Later on, the Prince of Wales explored the swamps and the ecosystem of the Vacaresti Park, where he met a group of children who were being presented with a harmless house snake by a herpetologist. “He eats frogs, not children,” the herpetologist explained, according to Agerpres.
He explained to the Prince that he “is trying to prepare new generations of Romanian herpetologists,” expressing his hope that they will be true ambassadors of nature. Furthermore, he told the Prince of Wales that the snake the children are studying is related to those common in Great Britain.
The herpetologist presented the children with a frog too, emphasizing – through their laughter – that this particular animal does not cause warts. He also explained to His Royal Highness that in Romania some people have the prejudice that frogs transmit certain diseases.
A little girl also offered His Royal Highness with a bundle of dandelions.
Later on, the Prince of Wales met with a group of students from the Faculty of Biology, shaking hands with all of them and smiling appreciatively when he observed that one of the students was wearing a traditional Romanian blouse.
His Royal Highness also inaugurated the bird observatory, the first facility available to visitors of the park, and also met with some of the members of the Romanian Scouts National Organization, and volunteers involved in the activities of the association. Furthermore, he met Gigu, a man that has been living for 20 years in a hut in the Vacaresti Delta, together with his family, and which was employed by the association as a park ranger. He will not be able to remain on the said land after the measures to refurbish the natural park will be implemented, yet the members of the association will take care of his social integration.

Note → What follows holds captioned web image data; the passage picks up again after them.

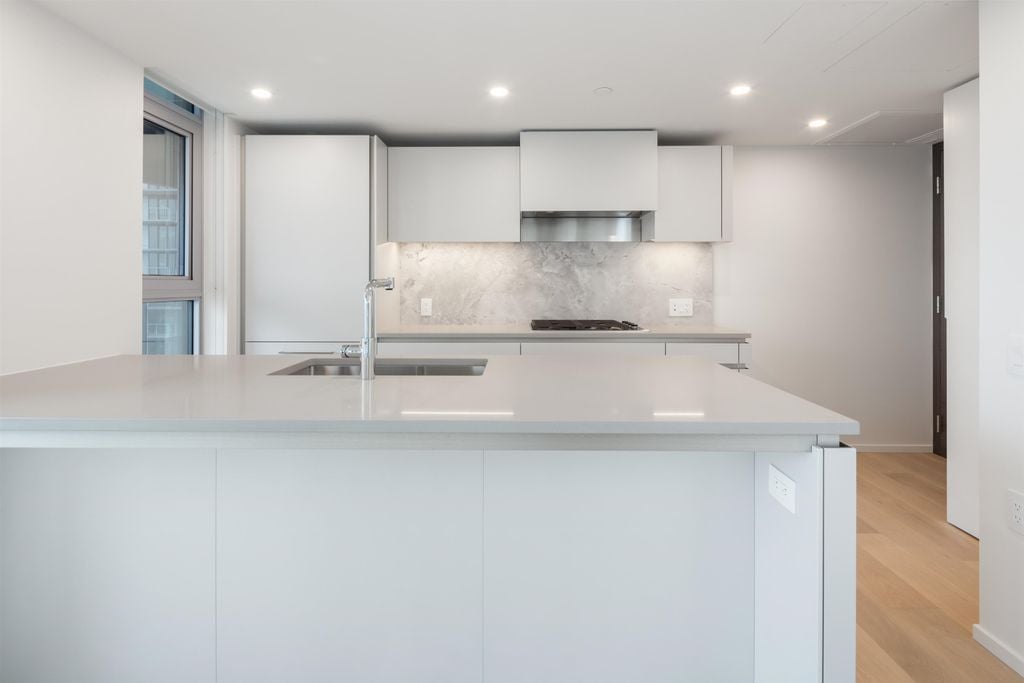 889 Pacific St, #2506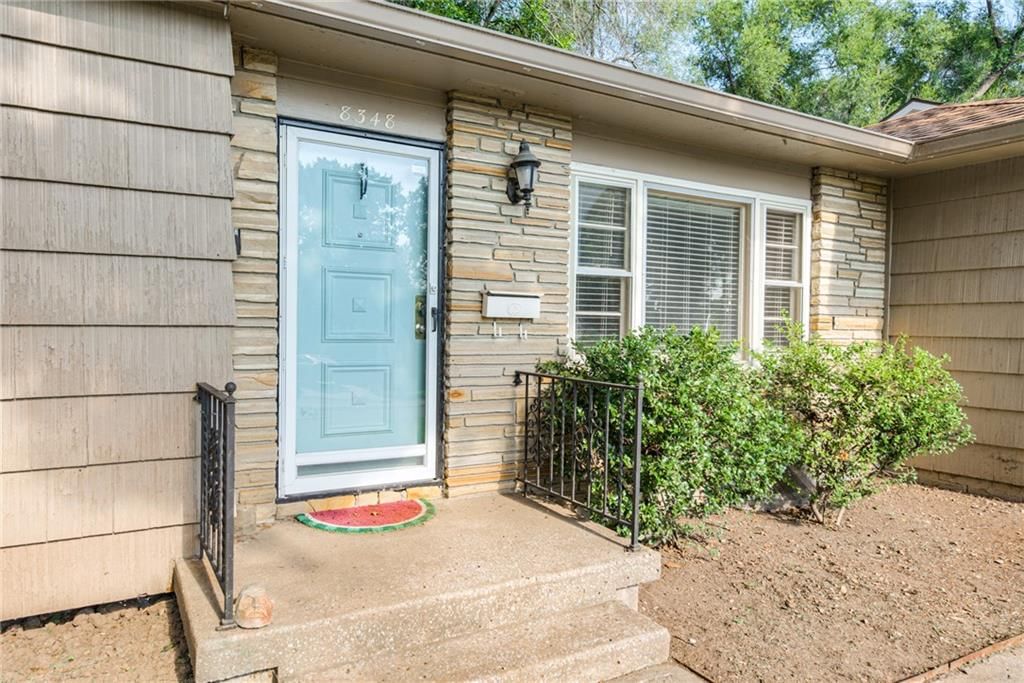 8348 Locust Street — photo 3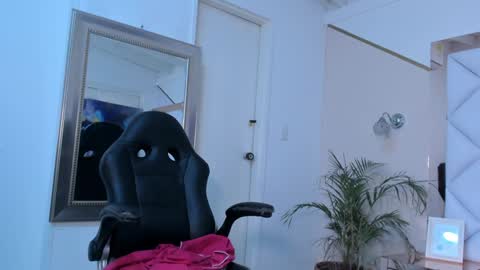 Snapshot of renatarussel chatting on 25, 1, 2025 Renata online show from 25, 1, 2025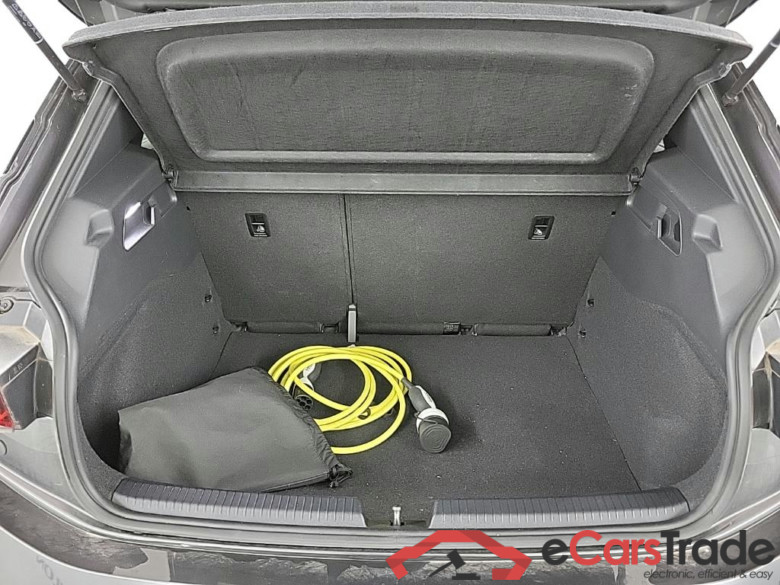 CUPRA Born 58kWh 150kW Essent.+Winterpack KPMG Edition 5D #5
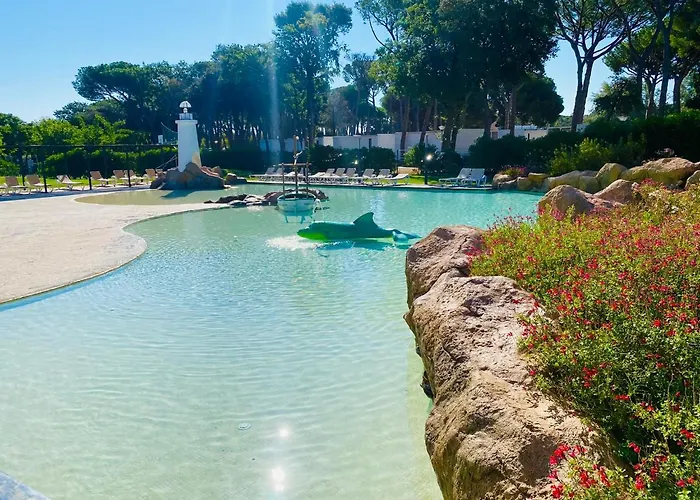El Delfin - 4*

In order to mark the visit, His Royal Highness also planted a white poplar.
The Prince of Wales bid the tree good luck, after planting it.
Dan Barbulescu told His Royal Highness that the tree is one that reaches considerable heights and invited him to come back next year in order to observe its evolution.
The Vacaresti Natural Park in Bucharest is a unique formation of urban swamps, on the site of a derelict hydrologic project from the communist times. The area was granted natural park status last year, and plans to preserve the local ecosystem were developed after the model of the London Wetlands center.
The Vacaresti National Park Association has developed the project for an urban swamp following the British example and working with well-known environment organizations, of which we can mention the Wetland Link International, Wildfowl and Wetland Trust, the WWF Romania branch, as well as that of Great Britain.
The area is surrounded by a dam, being thus delineated from the urban landscape and easily accessible to birds. Over 90 species of birds can be observed in Vacaresti Park, especially water species: herons, egrets, cormorants and wild geese. Moreover, the swamps are also home to small mammals such as: foxes, weasels and otters. The ecosystem is diverse and includes reptiles, amphibians and non-vertebrates such as tritons, salamanders, tortoises, grey lizards, and grass snakes.